Skip the pictures and restate, word for word, the lines from the one containing "Western blot - IL7R" to the end of the data below.

START DATA FOR REVIEW

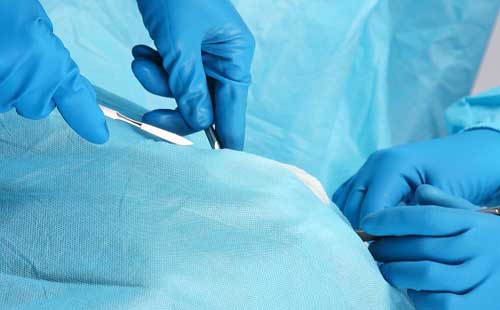 Mổ lạc nội mạc tử cung điều trị tận gốc bằng cách cắt tử cung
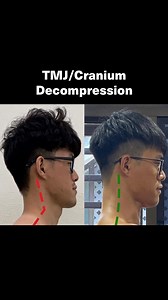 At FP, we have the goods. We dial in the body—the system—first, and the cranium and mandible follow. When you can sprint like a beast (a human one), you start to look like one too. Elite work here by FP HBS @damien.tang_ 👇 “Before FP, my posture would cause me neck pain which lead headaches until nausea. I couldn’t stand for too long due to the hyperextended knees and soreness lower back muscles. I was the skinny, get tired easily, slowest, weakest guy among the people I know. I love to play sp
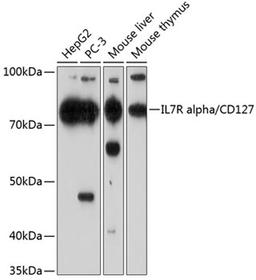 Western blot - IL7R alpha/CD127 Rabbit mAb (A11678)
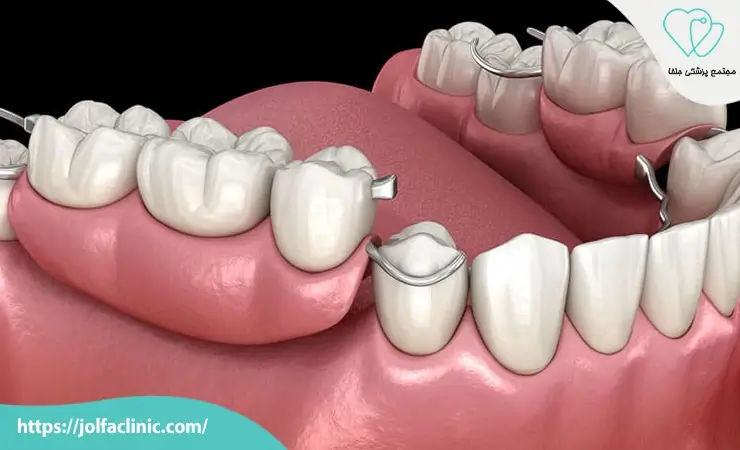 پروتز دندان متحرک
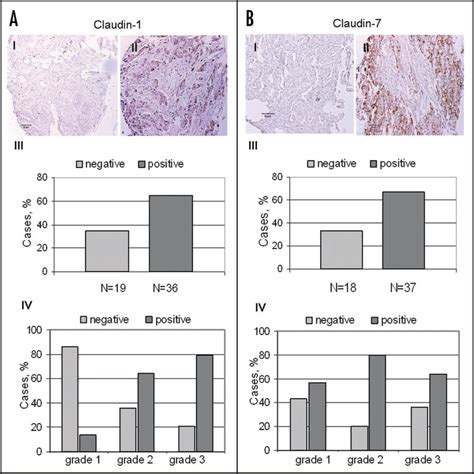 Claudin expression in breast cancer tissues: Claudin-1 (A) and ...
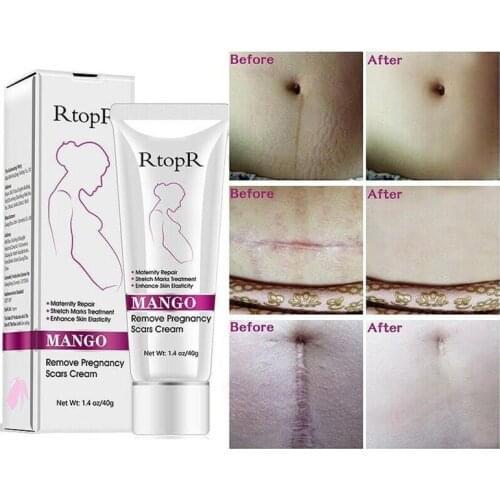10PCS/Lot Mango Remove Stretch Mark Cream Anti-stretching Cream Remove Pregnancy Scars Acne Cream Natural Mild Non-irritating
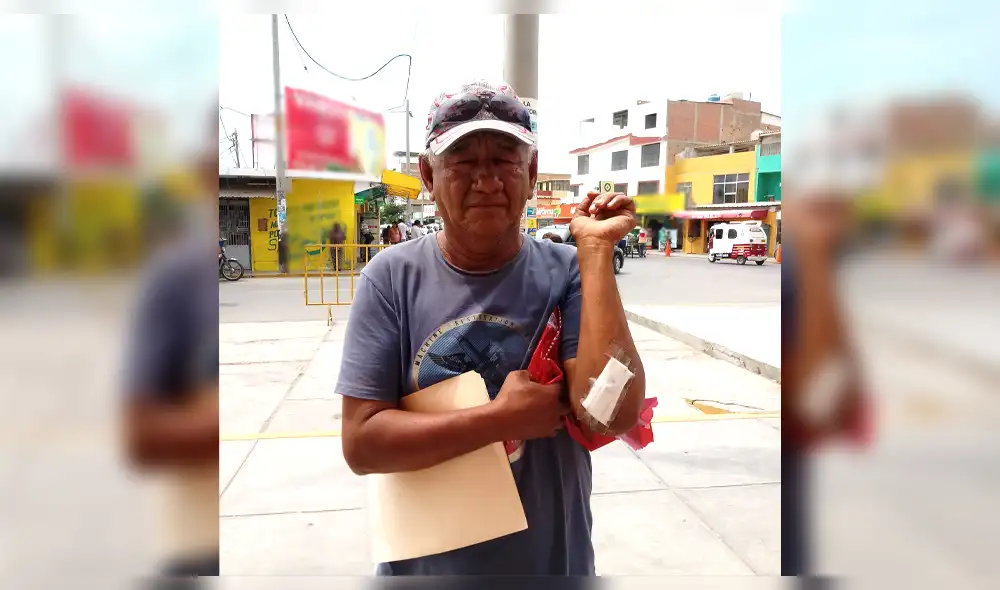 Mototaxista aun presenta lesiones tras el accidente. Mototaxista aun presenta lesiones tras el accidente.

END DATA FOR REVIEW

RESULT OF THE TASK>
 Western blot - IL7R alpha/CD127 Rabbit mAb (A11678)
 پروتز دندان متحرک
 Claudin expression in breast cancer tissues: Claudin-1 (A) and ...
10PCS/Lot Mango Remove Stretch Mark Cream Anti-stretching Cream Remove Pregnancy Scars Acne Cream Natural Mild Non-irritating
 Mototaxista aun presenta lesiones tras el accidente. Mototaxista aun presenta lesiones tras el accidente.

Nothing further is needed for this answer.